▸ Required work: The listing that follows must be retyped in full, exactly.

▸ Supplied information:
-.-.-
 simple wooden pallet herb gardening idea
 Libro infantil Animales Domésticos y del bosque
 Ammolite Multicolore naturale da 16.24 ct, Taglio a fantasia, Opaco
-.-.-
▸ Result:
 simple wooden pallet herb gardening idea
 Libro infantil Animales Domésticos y del bosque
 Ammolite Multicolore naturale da 16.24 ct, Taglio a fantasia, Opaco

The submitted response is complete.